Congress of the United States

Washington,  DC  20515

    Stay the Course in Colombia!

    Dear Colleague,

    This week we will take up consideration of the Appropriations Foreign Operations Bill with provisions relating to Colombia and the Andean Region where critical campaigns in the Global War on Drugs and Terrorism are being waged.

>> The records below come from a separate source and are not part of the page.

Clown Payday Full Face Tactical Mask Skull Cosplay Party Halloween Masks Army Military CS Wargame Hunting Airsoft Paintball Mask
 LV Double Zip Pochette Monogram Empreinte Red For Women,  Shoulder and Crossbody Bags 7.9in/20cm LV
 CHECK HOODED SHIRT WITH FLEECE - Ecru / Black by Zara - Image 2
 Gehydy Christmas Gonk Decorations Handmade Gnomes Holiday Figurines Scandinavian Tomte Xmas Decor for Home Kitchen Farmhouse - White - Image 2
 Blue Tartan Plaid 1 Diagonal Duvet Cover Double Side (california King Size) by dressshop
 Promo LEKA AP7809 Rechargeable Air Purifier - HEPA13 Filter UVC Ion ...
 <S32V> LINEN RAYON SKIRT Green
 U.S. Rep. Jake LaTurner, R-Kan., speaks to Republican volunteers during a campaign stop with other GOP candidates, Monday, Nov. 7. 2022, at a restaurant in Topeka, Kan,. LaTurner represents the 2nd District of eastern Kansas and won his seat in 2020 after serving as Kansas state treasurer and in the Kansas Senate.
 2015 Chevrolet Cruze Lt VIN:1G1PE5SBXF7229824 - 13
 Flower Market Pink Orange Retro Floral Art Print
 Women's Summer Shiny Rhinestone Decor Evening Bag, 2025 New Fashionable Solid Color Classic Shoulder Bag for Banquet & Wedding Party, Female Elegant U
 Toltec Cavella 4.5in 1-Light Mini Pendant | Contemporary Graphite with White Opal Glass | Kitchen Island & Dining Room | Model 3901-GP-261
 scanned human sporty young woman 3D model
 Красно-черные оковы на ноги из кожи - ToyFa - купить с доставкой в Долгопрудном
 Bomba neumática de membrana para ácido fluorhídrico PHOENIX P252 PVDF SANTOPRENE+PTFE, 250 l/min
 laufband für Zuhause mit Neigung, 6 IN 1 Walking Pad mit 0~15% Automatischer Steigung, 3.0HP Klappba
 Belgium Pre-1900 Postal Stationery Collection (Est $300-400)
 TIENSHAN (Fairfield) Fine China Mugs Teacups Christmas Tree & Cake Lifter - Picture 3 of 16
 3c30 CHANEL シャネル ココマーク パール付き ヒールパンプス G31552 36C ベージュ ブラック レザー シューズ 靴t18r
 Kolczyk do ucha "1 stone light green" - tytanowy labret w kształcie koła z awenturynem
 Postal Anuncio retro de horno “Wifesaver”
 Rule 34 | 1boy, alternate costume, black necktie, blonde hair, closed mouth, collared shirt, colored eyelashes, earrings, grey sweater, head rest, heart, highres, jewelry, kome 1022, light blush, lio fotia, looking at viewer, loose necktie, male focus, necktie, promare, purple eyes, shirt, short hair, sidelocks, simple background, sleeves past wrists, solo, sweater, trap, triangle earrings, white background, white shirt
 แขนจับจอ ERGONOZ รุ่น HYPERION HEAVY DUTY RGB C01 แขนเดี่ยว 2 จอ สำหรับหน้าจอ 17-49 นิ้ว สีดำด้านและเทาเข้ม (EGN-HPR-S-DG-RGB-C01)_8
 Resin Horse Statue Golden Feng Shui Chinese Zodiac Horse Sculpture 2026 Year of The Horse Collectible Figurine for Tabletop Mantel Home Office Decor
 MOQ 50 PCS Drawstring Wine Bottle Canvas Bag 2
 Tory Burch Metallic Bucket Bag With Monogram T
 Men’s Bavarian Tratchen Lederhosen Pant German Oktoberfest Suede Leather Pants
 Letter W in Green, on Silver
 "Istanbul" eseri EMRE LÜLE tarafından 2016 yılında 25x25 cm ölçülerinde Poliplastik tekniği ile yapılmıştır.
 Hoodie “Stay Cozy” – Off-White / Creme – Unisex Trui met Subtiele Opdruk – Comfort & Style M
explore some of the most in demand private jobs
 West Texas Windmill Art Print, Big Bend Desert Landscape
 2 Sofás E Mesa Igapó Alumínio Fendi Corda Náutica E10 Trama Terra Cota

As we prepare to take up H.R. 5522 (Foreign Operations, Export Financing, and Related Programs Appropriations Act, 2007), let us draw your attention to the critical need to maintain our support for the newly re-elected President Uribe and bilateral cooperation against the scourge of narco-terrorism.  Below are excerpts from House Report 109-486.

    Excerpts from the Appropriations Committee Report accompanying H.R. 5522 Foreign Operations, Export Financing, and Related Programs Appropriations Act, 2007

    "...It is the Committee's view that the time has come to transition from assistance directed at counter-narcotics programs, to assistance designed to develop and promote the stable democracy that Colombia has become."

    "The Committee has noted the successes of Plan Colombia and the measurable improvements that have resulted in the everyday lives of the Colombian people. Some have declared Colombia the `greatest success story in Latin America.' In fact, the Colombian Government's success in combating the cultivation of drugs and in restoring democracy can be measured in may ways:

    ·       Coca eradication through spraying has gone from 47,000 hectares the first year of Plan Colombia to 138,775 last year;

    ·       By regaining sovereignty over most of its air space, Colombia has decreased by 56 percent suspected drug trafficker flights;

    ·       Drug flow to the United States has dropped by 7 percent;

    ·       Kidnappings are down 51 percent and homicides 13 percent;

    ·       All 1098 Colombian municipalities have a permanent government presence;

    ·       Over 30,000 paramilitary have been demobilized;

·       200,000 acres of legal crops have been planted and 64,000 farm families have a `legal' farming option;

·       Unemployment has dropped from 20 percent to an estimated 11 percent;

·       In December, implementation of the Free Trade Agreement with the United States is expected to drop unemployment even more.

    Clearly, Colombia has made remarkable progress. The Committee believes it is time to fund assistance to Colombia through the same mechanisms used to fund other strategic partners.